Tratto dai Frammenti di un discorso amoroso di Roland Barthes e adattato dalla scrittrice Christine Angot, il film «mette al centro una donna separata dal marito, che cerca negli uomini e nell’amore quell’assoluto di cui tutti abbiamo bisogno», spiega la protagonista.
Juliette ha 53 anni e – da come ne parla – sembra che questa ricerca sia anche la sua: dopo tanti amori, non nasconde che «il mio Graal è una vita di coppia vera, allungare una mano nel letto e sentire di avere un uomo a fianco, per vivere e creare assieme a lui».
Sembra che quest’uomo però l’abbia trovato. Chi è?
«Essere una vecchia attrice ha i suoi vantaggi: i giornalisti sanno tanto di noi, ma ci concedono il lusso di tacere i dettagli».
Inseriamo noi qualche dettaglio, allora. Lei adesso fa coppia con un suo ex. Che cosa si può aggiungere?
«Che non viviamo insieme, perché lui abita a Los Angeles».
Lei quindi è alla ricerca di un amore da condividere ogni giorno: è quello l’assoluto?
«Da giovani l’assoluto è legato all’eccesso. Droghe, alcol, sesso, politica, fanatismo religioso: tutti questi possono diventare gli strumenti sbagliati per calmare la sete di assoluto che ci divora. Crescendo, capiamo che non è all’esterno che dobbiamo cercare. L’assoluto è in noi».
Non nell’amore?
«Pensare di aver trovato l’amore della tua vita è un’illusione. Certo, è necessario avere complicità profonde. Ma nessuno è perfetto, meglio capire che gli altri – compresi i nostri partner – possono aiutarci a trovare ciò che cerchiamo dentro di noi, non in loro o nell’amore».
Per questo è tornata con un uomo che già conosceva?
«Tranquillità e serenità sono valori sempre più importanti per me».
Nel film, invece, non si accontenta di un solo partner.
«La ricerca del mio personaggio è spasmodica, diventa un’ossessione. E questo mette in una situazione destabilizzante di incertezza. Quando hai molta scelta, non sai più dove devi andare».
Come farà la sua Isabella a uscire da questa condizione?
«Incontrerà Gérard Depardieu».
Incontrare un uomo come lui può essere un obiettivo?
«Non penso, ma nel film di Claire Denis lui è un mago, predice il futuro, e mi guiderà».

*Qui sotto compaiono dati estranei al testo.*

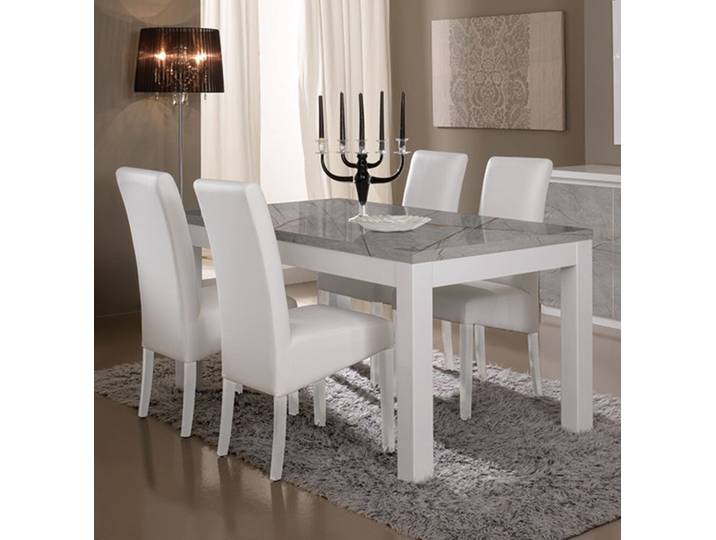 Table de repas Roma laqué blanc/marbré gris Blanc/gris Marbré - Basika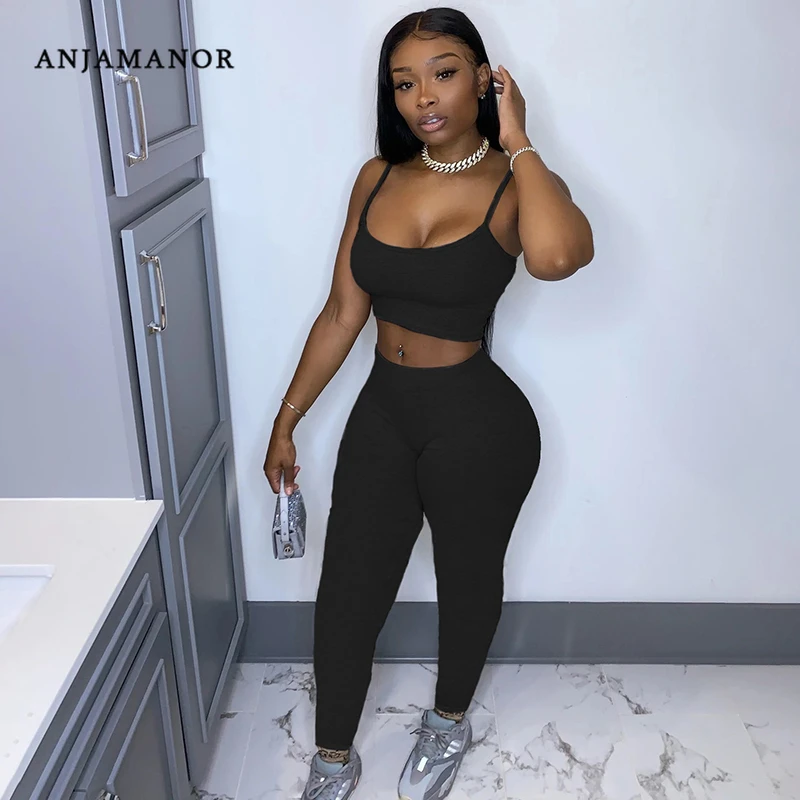 conjunto informal de dos piezas para mujer, ropa de verano, Top corto y pantalones a juego, ropa activa, mono, D90 BF22|Trajes de pantalón| - AliExpress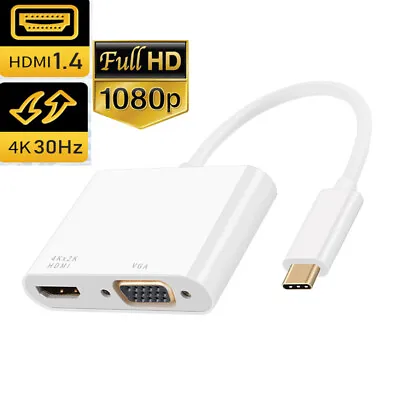 $5.99 • Buy USB C Multiport Adapter Thunderbolt 3 Type C To HDMI 4K VGA DVI Cable Macbook AU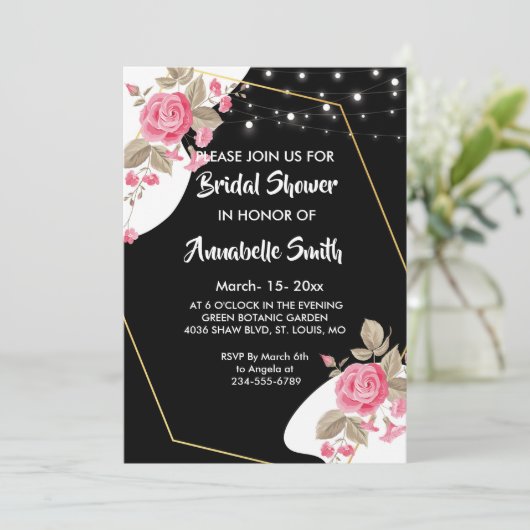 Moderne Elegantie Roze Bloemen string LiBridal Dou Kaart (Staand voorkant)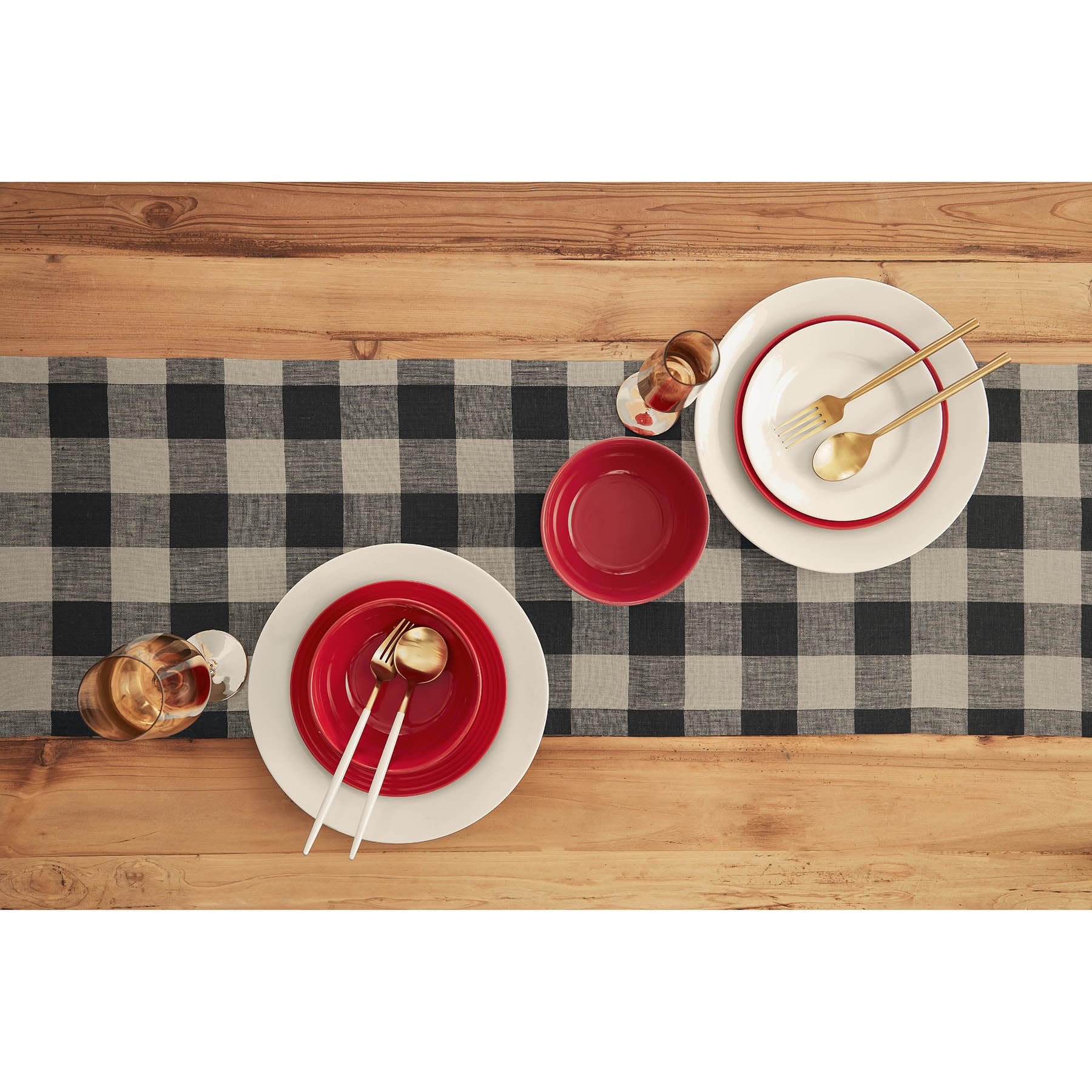 Solino Home Buffalo Check Linen Table Runner 144 Inches Long - 100% Pure Linen Natural And Black Plaid Table Runner 14 X 144 Inc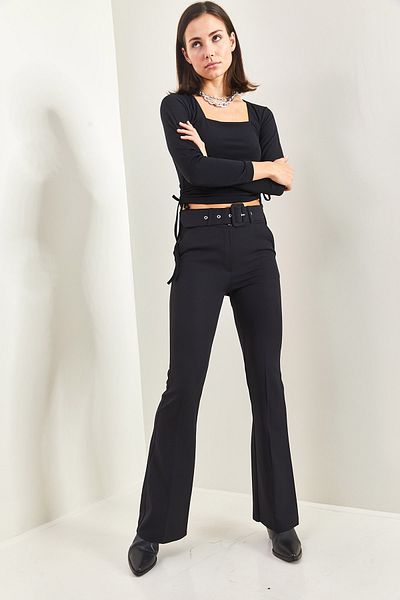 Bianco Lucci Women's Belted Flare Leg Trousers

Qualche anno fa, Depardieu la attaccò, dicendo: «Non capisco perché questa attrice sia stimata da tutti, visto che in realtà non ha niente». Come ha fatto a perdonarlo e lavorare con lui?
«Gérard è un impulsivo, come un bambino. Non ho mai immaginato di punirlo, ma di capirlo. In privato, ci eravamo già spiegati, ma non ho mai pensato di raccontarlo in pubblico».
Che cosa vi siete detti?
«Lo avevo incontrato al mercato, ci eravamo abbracciati. Lui si era giustificato dicendo di avermi attaccato perché lavoro con registi perversi, come Michael Haneke o Leos Carax. In realtà, la ragione era un’altra».
Ce la vuole dire?
«Avevo appena vinto la Palma di Cannes per la migliore interpretazione femminile, con Copia conforme di Abbas Kiarostami. Sono l’attrice francese più premiata (l’Oscar per Il paziente inglese, l’Orso d’argento a Berlino, la Coppa Volpi a Venezia, fra gli altri, ndr), e il suo è stato un attacco di gelosia. È un sentimento che suscito in molte persone. Spesso questo mi ha fatto soffrire. E non parlo degli uomini, di una gelosia sentimentale, ma di una vera e propria invidia».

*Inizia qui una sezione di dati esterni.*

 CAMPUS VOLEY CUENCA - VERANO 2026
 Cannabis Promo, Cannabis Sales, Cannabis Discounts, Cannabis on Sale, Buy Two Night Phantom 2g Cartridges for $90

Come è finita con Depardieu?
«Tutto si è risolto nel migliore dei modi, la nostra amicizia si è rafforzata dopo quell’episodio. Non sono una che porta rancore, credo profondamente nella trasformazione dei rapporti».

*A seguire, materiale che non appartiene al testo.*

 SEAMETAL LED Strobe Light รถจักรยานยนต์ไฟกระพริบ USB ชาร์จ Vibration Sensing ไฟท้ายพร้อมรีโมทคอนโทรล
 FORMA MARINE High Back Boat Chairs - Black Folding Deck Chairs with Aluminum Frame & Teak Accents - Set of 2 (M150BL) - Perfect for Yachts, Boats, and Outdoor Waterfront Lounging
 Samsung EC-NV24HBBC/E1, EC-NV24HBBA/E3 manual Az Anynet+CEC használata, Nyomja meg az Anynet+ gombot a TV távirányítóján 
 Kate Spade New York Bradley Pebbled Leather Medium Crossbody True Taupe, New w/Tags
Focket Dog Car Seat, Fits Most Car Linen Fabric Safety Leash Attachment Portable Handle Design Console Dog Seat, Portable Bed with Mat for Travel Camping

È contenta di tornare a Cannes?
«Felice. In questo festival sono nata, nel 1985, con Rendez-vous di André Téchiné, che vinse il premio per la regia. Qui ho provato le emozioni più forti, ho fatto tanti incontri, ma anche ora che sono cresciuta trovo sia l’occasione più interessante al mondo per vivere il cinema».